▸ **Supplied data**
____________

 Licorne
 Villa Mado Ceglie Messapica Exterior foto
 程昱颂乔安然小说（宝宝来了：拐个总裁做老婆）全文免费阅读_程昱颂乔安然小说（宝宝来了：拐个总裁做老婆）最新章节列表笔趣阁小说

____________

▸ **About this exercise**
Give the listing once more, unchanged in every line.

▸ **Result of the task**
 Licorne
 Villa Mado Ceglie Messapica Exterior foto
 程昱颂乔安然小说（宝宝来了：拐个总裁做老婆）全文免费阅读_程昱颂乔安然小说（宝宝来了：拐个总裁做老婆）最新章节列表笔趣阁小说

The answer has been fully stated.